In C#, an instance of an array is an instance of System.Array, a reference type. Arrays have a few properties and methods (like the Length property). Otherwise, there isn't much you can do with an array: you can read (or write) from (or to) individual elements using an array index. Arrays of type T also implement IEnumerable<T>, so you can iterate through the elements of an array.

Arrays are mutable (the values in an array can be written to), but they have a fixed length - they can't be extended or shortened. They are ordered, and they can't be re-arranged (except by swizzling the values manually).

C# arrays are covariant. If you were to ask the C# language designers, this would be the feature they regret the most. It's one of the few ways you can break C# type safety. Consider this code (assuming that Cat and Dog classes inherit from Animal):

Cat[] myCats = new Cat[]{myCat, yourCat, theirCat};
Animal[] animals = (Animal[]) myCats;     //legal but dangerous
animals[1] = new Dog();                   //heading off the cliff
myCats[1].Speak();                        //Woof!

That "feature" is the result of the lack of generic types and explicit covariance/contravariance in the initial version of the .NET Framework and the urge to copy a Java "feature".

Arrays do show up in many core .NET APIs (for example, System.Reflection). They are there, again, because the initial release did not support generic collections.

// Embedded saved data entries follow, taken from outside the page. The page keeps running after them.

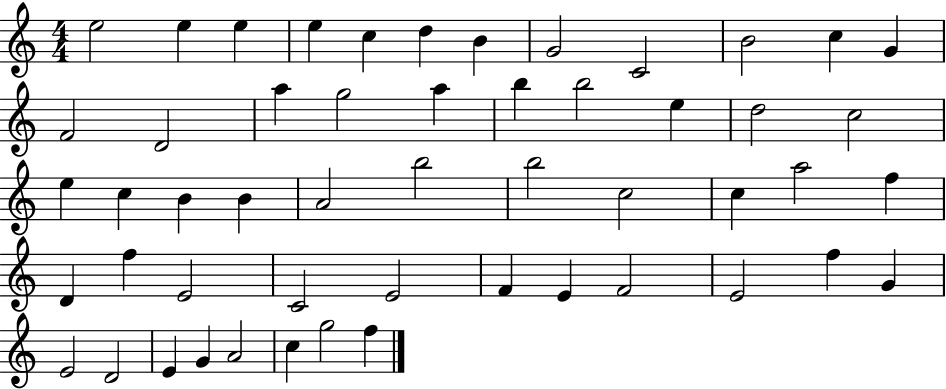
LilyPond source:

{
  \clef treble
  \numericTimeSignature
  \time 4/4
  \key c \major
  e''2 e''4 e''4 | e''4 c''4 d''4 b'4 | g'2 c'2 | b'2 c''4 g'4 | \break f'2 d'2 | a''4 g''2 a''4 | b''4 b''2 e''4 | d''2 c''2 | \break e''4 c''4 b'4 b'4 | a'2 b''2 | b''2 c''2 | c''4 a''2 f''4 | \break d'4 f''4 e'2 | c'2 e'2 | f'4 e'4 f'2 | e'2 f''4 g'4 | \break e'2 d'2 | e'4 g'4 a'2 | c''4 g''2 f''4 | \bar "|."
}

In general, an experienced C# programmer will not use many arrays in his applications, preferring to use more capable collections such as List<T>, Dictionary<TKey, TValue>, HashSet<T> and friends. In particular, that programmer will tend to pass collections around using IEnumerable<T> an interface that all collections implement. The big advantage of using IEnumerable<T> as parameters and return types (where possible and logical) is that collections accessed via IEnumerable<T> references are immutable. It's kinda-sorta like using const correctly in C++.

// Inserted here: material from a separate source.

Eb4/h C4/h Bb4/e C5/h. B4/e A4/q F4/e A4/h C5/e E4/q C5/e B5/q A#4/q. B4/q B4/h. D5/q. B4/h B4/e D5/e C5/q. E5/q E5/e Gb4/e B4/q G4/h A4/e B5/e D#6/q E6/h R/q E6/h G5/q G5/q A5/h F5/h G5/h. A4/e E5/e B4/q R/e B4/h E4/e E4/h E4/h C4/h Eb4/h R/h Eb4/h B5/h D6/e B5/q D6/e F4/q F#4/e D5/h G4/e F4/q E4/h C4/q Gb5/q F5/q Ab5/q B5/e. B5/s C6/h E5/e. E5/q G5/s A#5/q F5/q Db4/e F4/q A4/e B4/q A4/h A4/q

One thing you might consider adding in to your lectures on arrays - after everyone has mastered the basics - is the new Span<T> type. Spans may make C# arrays useful.

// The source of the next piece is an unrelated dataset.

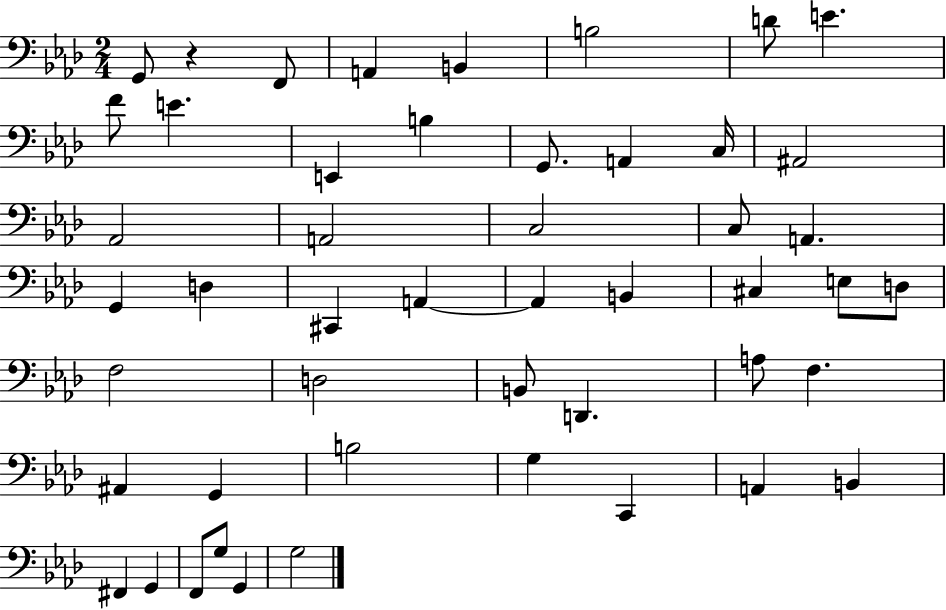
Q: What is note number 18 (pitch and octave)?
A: C3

Finally, LINQ (Language Integrated Query) introduced a lot of functionality to collections (by adding Extension Methods to IEnumerable<T>). Make sure your student do not have a using System.Linq; statement up at the top of their code - mixing LINQ in to a beginning student's class on arrays would bewilder him or her.

BTW: what kind of class is it you teach? At what level?


I don't understand what you are doing with the for loop. You are merely iterating over every element and assigning to the first element you encounter. If you're trying to push to a list go with the above answer that states there is no such thing as pushing to a list. That really is getting the data structures mixed up. Javascript might not be setting the best example, because a javascript list is really also a queue and a stack at the same time.